FIGURE 3.19. A 1913 advertisement for a small (four-cylinder) utility truck (maxim
um carrying capacity of 0.9 t) made by the Gramm Motor Truck Co. This “most practical and serviceable truck of its size ever built” was designed for city and suburban delivery. Reproduced from Scientific American, January 18, 1913.
Use of internal combustion engines in field machinery began almost as soon as the first small-scale sales of passenger cars (Dieffenbach and Gray 1960). The first, and excessively heavy, gasoline-powered tractor was built by John Froehlich in Iowa in 1892 and sold to Langford in South Dakota, where it was used just in threshing for a few months. Froelich formed the Waterloo Gasoline Tractor Engine Co., which was later acquired by the John Deere Plow Co., whose successor remains a leader in producing tractors and other self-propelled agricultural machinery. By 1907 there were no more than 600 agricultural tractors in the United States, and most of these early models resembled more the massive steam-powered machine rather than today’s tractors: their mass/power ratios were between 450 and 500 g/W, compared to just 70–100 g/W for modern machines. Only Henry Ford experimented with very light (his 1907 test model weighed less than 700 kg) and small machines.
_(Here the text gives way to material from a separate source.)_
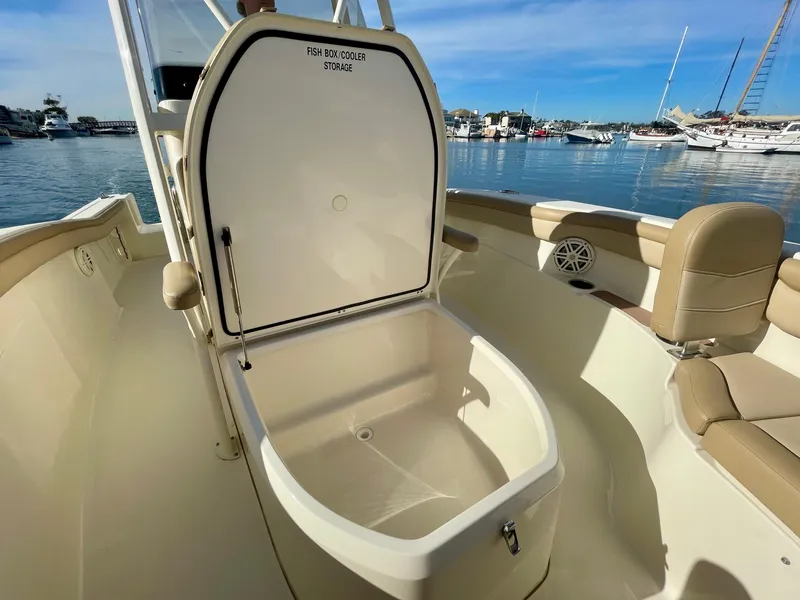 Slide: The Image of 2020 Scout 215 XSF boat with open fish box cooler storage, docked in a marina. - 6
By 1912 the number of tractor makers rose above 50, the first international trials had taken place (Ellis 1912), and smaller, more practical, and more affordable machines began to appear (Williams 1982). Given the climate and terrain of California’s Central Valley, it is not surprising that this region pioneered the widespread use of gasoline-fueled tractors and combines (Olmstead and Rhode 1988). By 1912 the United States had some 13,000 working tractors, and 80 companies produced more than 20,000 new machines in 1913 as the massive replacement of draft animals by internal combustion engines was finally underway (Rose 1913). But it was only during the 1920s when the power of agricultural machinery surpassed that of draft animals (see figure 3.2).